Alexandra è quindi un personaggio molto moderno e sfaccettato, senza però risultare anacronistico o fuori dal suo tempo: equilibrio per niente facile da raggiungere quando si tratta di descrivere personaggi vissuti molti secoli fa.
Anche la ricostruzione storica risulta avere un buon equilibrio tra fedeltà dei dettagli d’ambientazione e scorrevolezza narrativa. Pur ricostruendo con molta cura il villaggio scandinavo di Roskilde – dove è ambientata la maggior parte del romanzo – l’autrice non si dilunga mai in spiegazioni e blocchi di testo informativi, e tutta la documentazione effettuata emergente spontaneamente sia dalla narrazione che dai dialoghi tra i personaggi.
Questi ultimi due elementi, purtroppo, risultano forse essere i punti più deboli del romanzo. Pur adottando uno stile scorrevole, che avvince molto il lettore, a mio avviso l’autrice avrebbe potuto essere più incisiva in certi passaggi, che risultano essere un po’ affrettati proprio da un punto di vista stilistico; aspetto che comunque non inficia la gradevolezza complessiva della lettura.
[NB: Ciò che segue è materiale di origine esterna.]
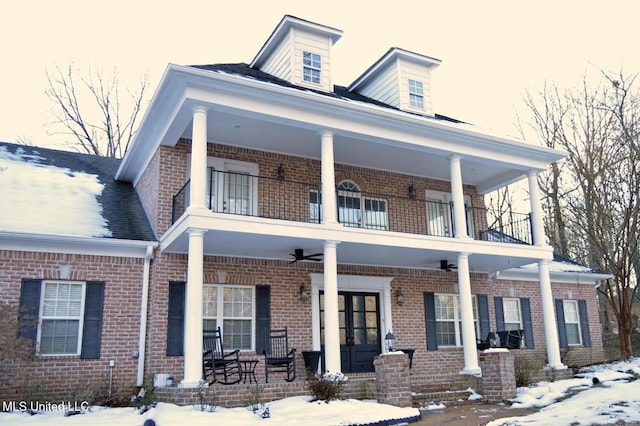 view of front facade with a balcony, ceiling fan, and covered porch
Il sogno di Ragnar è dunque un romanzo da non perdere per gli appassionati della storia vichinga, che si conclude con un finale aperto che lascia il lettore con il fiato sospeso, in attesa di un seguito che si speri arrivi presto.
Trama
845 d.C. L’invincibile Ragnar Lodbróck assedia Parigi insieme ai suoi uomini. L’esercito dei Franchi Occidentali, comandato da Carlo il Calvo, nulla può contro la furia dei Norreni. Ma durante quello scontro accade qualcosa capace di cambiare le sorti della vita del Conte: il lauto bottino che i suoi guerrieri portano a Roskilde, la loro città, include anche Alexandra, una donna affascinante e misteriosa, dotata di grande cultura. Grazie a lei, Ragnar impara che la sete di conquista non si placa solamente solcando mari e razziando territori, ma anche grazie alla conoscenza, avvicinandosi alle lingue, alle culture e alle religioni di altri popoli. Il mondo Franco, da un lato, e quello Norreno, dall’altro, trovano così un punto d’incontro in un amore tormentato e impossibile, come quello che nasce tra Ragnar e Alexandra.